Lebanon takes top honors at Venice Film Fest: One failed war, three successful films

When the Israeli feature film “Lebanon” won the top award Sept. 12 at the prestigious Venice Film Festival, it became the third movie about Israeli soldiers fighting in the First Lebanon War to have captured international honors in the last three years.

Several veterans of that 1982 war are now important players in Israel’s nascent film industry. They have begun to portray their experiences as young soldiers through film, and their stories are resonating with audiences around the world, film experts say.

“These are very personal stories that are told from the gut,” said David Zipkin, head of finance and production at the Israel Film Fund. “These are stories that are told by people who have experienced this war. When you tell a story that has elements of truth, it resonates through audiences.”

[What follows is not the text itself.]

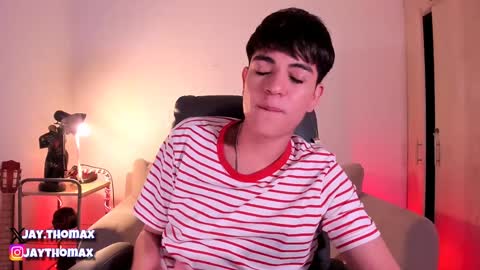 Snapshot of jaythomax chatting on February 6, 9:49 pm jaythomax online show from February 6, 9:49 pm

“Beaufort,” produced in 2007, depicted the IDF retreat from the Beaufort Castle in southern Lebanon. The film won the Silver Bear Award at the Berlin International Film Festival and was nominated for several other awards.

Ari Folman’s animated documentary “Waltz with Bashir,” released in 2008, won a Golden Globe, was nominated for an Academy Award and won more than two dozen other awards at film festivals around the world.

“Lebanon,” directed by Israeli filmmaker Samuel Maoz, premiered at the Jerusalem Film Festival this summer and follows several battles through the perspectives of four soldiers in a tank crew. The film won the Golden Lion Award, the top honor at the Venice Film Festival.

Simultaneous with the rise of Israel’s film industry — which some film critics say has been experiencing a “golden age” with the major international success of movies like “Jellyfish,” “The Band’s Visit” and “My Father, My Lord” — veterans of the First Lebanon War are opening up and are more willing to tell their stories.

“I think the reason that there are suddenly so many movies about this war is that people who fought in it in their late teens and early 20s are now in their 50s,” said Jerusalem Post film critic Hannah Brown.

“They are ready to sit down and talk about these experiences, which were formative. They are just now at the stage of their lives where they can deal with it.”

Renen Schorr,  director of Jerusalem’s Sam Spiegel Film and Television School, said that often these kinds of war films were not popular in the already violence-saturated Israeli market, but instead served as a means of expression for their creators.

“These films are tough for the audience and especially for some women. But [the soldiers] from that war are now veterans who are maturing and are ready to open the old wounds.”

Yet despite some distaste for war films within the country, moviegoers can probably expect more stories from the First Lebanon War to come to the silver screen in the near future.

Said Brown: “I would not be surprised if there are veterans right now who are working on novels and screenplays about that most formative experience of their lives.”